Le sénateur Laurent Duplomb (Les Républicains) a déposé, lundi 2 février, une nouvelle proposition de loi visant à autoriser la réintroduction de plusieurs pesticides interdits en France. Le texte enregistré par les services du Sénat intervient quelques mois après une première initiative du même élu qui avait déclenché un important mouvement de protestation.
Un texte bref, trois articles
La proposition de loi, dont le calendrier d’examen n’est pas encore fixé, se résume à trois articles. Elle prévoit la réintroduction, strictement encadrée, de deux insecticides appartenant à la famille des néonicotinoïdes : l’acétamipride et le flupyradifurone. Ces substances sont interdites en France mais restent autorisées dans plusieurs autres pays européens.
Selon l’exposé des motifs communiqué par le cabinet du sénateur, l’objectif affiché est « d’atténuer une surtransposition relative à l’utilisation de produits phytopharmaceutiques afin d’éviter la disparition de certaines filières agricoles ». Le texte précise des modalités techniques destinées, d’après leurs auteurs, à respecter les exigences constitutionnelles et réglementaires.
Réponse à une censure du Conseil constitutionnel
Ce nouveau dépôt fait suite à la censure, en août 2025, par le Conseil constitutionnel d’une disposition de la première loi Duplomb. Les Sages avaient alors estimé que la mesure relative à la réintroduction de l’acétamipride souffrait d’un « manque d’encadrement suffisant » concernant la durée, le type et la technique de traitement ainsi que les filières concernées.
Le Conseil constitutionnel a rappelé la valeur constitutionnelle de la Charte de l’environnement. Celle-ci affirme notamment « le droit de vivre dans un environnement équilibré et respectueux de la santé » ainsi que le « devoir de prendre part à la préservation et à l’amélioration de l’environnement », motifs invoqués pour la censure.
En prévision de nouvelles critiques juridiques, M. Duplomb a annoncé que le Conseil d’État serait saisi en amont du texte. Il affirme que les modalités techniques ont été repensées pour « passer le filtre » des juridictions constitutionnelles et administratives.
Arguments et oppositions
Lors d’un colloque organisé au Sénat sur le « déclin agricole », le sénateur a défendu sa démarche en qualifiant la question d’enjeu de souveraineté alimentaire : « Nous ne pouvons plus continuer de tergiverser sur ce sujet qui fait partir des pans entiers de notre souveraineté alimentaire », a‑t‑il déclaré.
Il a ajouté : « Si nous continuons à fermer les yeux et à balayer la poussière sous le tapis, cela nous rendrait coupables [de voir] nos enfants, non pas moins bien vivre en termes de santé, mais peut‑être à l’avenir avoir faim. » Ces propos illustrent la tonalité sécuritaire et économique de ses arguments pour la réintroduction encadrée des produits concernés.
En face, plusieurs organisations et mouvements écologistes, ainsi que des scientifiques, ont exprimé à l’époque des réserves sur la toxicité de l’acétamipride pour la biodiversité et les risques potentiels pour la santé humaine. Le texte initial avait suscité une mobilisation publique notable.
Pressions agricoles et mobilisation citoyenne
La demande de réintroduction venait notamment de syndicats agricoles.

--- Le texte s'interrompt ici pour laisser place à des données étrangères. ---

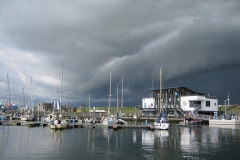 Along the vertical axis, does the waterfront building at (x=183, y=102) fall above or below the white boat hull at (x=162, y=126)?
above

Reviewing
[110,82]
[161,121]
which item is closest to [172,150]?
[161,121]

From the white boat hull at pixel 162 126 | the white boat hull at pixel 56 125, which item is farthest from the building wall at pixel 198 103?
the white boat hull at pixel 56 125

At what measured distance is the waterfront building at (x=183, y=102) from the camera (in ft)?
402

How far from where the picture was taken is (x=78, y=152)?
3922 cm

La FNSEA et la Coordination rurale ont soutenu la mesure, arguant d’un manque d’alternatives efficaces pour protéger certaines cultures, en particulier la betterave sucrière.
Parallèlement, une pétition réclamant l’abrogation de la première loi Duplomb a réuni plus de 2,1 millions de signatures, franchissant largement le seuil des 500 000 signatures qui permet d’obtenir un débat à l’Assemblée nationale. Ce débat est programmé pour le mercredi 11 février au Palais-Bourbon.

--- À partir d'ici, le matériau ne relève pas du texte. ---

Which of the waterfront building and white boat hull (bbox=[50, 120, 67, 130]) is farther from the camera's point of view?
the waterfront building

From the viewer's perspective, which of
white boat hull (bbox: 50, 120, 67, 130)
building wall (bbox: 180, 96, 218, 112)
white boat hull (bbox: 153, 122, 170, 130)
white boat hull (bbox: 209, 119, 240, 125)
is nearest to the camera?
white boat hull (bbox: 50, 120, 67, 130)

Le calendrier parlementaire et l’issue des débats législatifs restent incertains. Le nouvel enregistrement au Sénat marque néanmoins la volonté du camp pro‑réintroduction de poursuivre la démarche en élargissant le soutien politique. Le texte est cosigné par des parlementaires de différentes familles politiques : centristes, macronistes, radicaux et Horizons, selon les informations communiquées.
La controverse met en tension des enjeux de protection de l’environnement et des préoccupations économiques de filières agricoles. Le futur examen du dossier devra trancher sur l’équilibre entre encadrement juridique suffisant et réponses aux besoins exprimés par les producteurs.